Keutamaan dan Hikmat Sholat Sunnah - Fiqih Muyassar
Tathowwu’ adalah setiap ketaatan yang bukan wajib (yakni sunnah).
«إن الله تعالى قال: من عادى لي ولياً فقد آذنته
بالحرب، وما تقرَّب إليّ عبدي بشيء أحب إلي مما افترضته عليه، وما يزال عبدي يتقرب
إلي بالنوافل حتى أحبه»
“Allah berfirman: siapa yang memusuhi wali-Ku maka Aku menyatakan perang
dengannya. Tidaklah hamba-Ku mendekatkan dirinya kepada-Ku dengan sesuatu yang
paling Aku cintai melebihi apa saja yang Aku wajibkan atasnya. Jika hamba-Ku
selalu mendekatkan dirinya kepada-Ku dengan amal-amal sunnah, maka Aku
mencintainya.” (HR. Al-Bukhori no. 6502)
Hikmahnya
Allah mensyariatkan (menganjurkan)[2]
ibadah sunnah sebagai rohmat atas hamba-hamba-Nya. Setiap ibadah fardhu,
memiliki bagian sunnah yang sejenis, agar orang beriman bertambah imannya dan
derajatnya dengan mengerjakan ibadah sunnah tersebut, serta menyempurnakan
ibadah wajibnya dengan menambalnya pada hari Kiamat. Ibadah wajib tidak
terlepas dari kekurangan, seperti yang disebutkan dalam hadits Abu Huroiroh,
dari Nabi ?, bersabda:
«إن أول ما يحاسب به العبد المسلم يوم القيامة
الصلاة، فإن أتمها، وإلا قيل: انظروا هل له من تطوع؟ فإن كان له تطوع أكملت الفريضة
منْ تطوُّعه، ثم يفعل بسائر الأعمال المفروضة مثل ذلك»

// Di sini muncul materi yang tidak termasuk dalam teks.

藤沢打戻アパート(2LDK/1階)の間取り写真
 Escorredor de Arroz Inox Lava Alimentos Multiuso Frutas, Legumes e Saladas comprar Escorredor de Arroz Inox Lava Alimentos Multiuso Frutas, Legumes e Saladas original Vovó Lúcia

“Sungguh yang pertama kali dihisab dari hamba Muslim pada hari Kiamat
adalah sholat. Jika sholatnya tidak sempurna maka ada yang menyeru: ‘Lihatlah
apakah dia memiliki sholat sunnah? Jika ia memiliki sholat sunnah maka sholat
fardhunya disempurnakan dengan sholat sunnahnya. Lalu semua amal wajib
diperlakukan sama seperti itu.” (Shohih: HR. Abu Dawud no. 684)
[1] Hukum jihad dan menuntut ilmu seputar fardhu ain (wajib per individu) atau
fardhu kifayah (gugur jika sudah ada yang melaksanakannya), maka ia lebih utama
dari sholat sunnah.
[2] Makna “mensyariatkan”
mengandung dua kemungkinan: “mewajibkan” atau “mengajurkan” sesuai dalil yang
menyertainya. Terkadang lafazh ini dipakai ulama karena ada perselisihan
pendapat pada kasus tersebut, apakah wajib ataukah sunnah.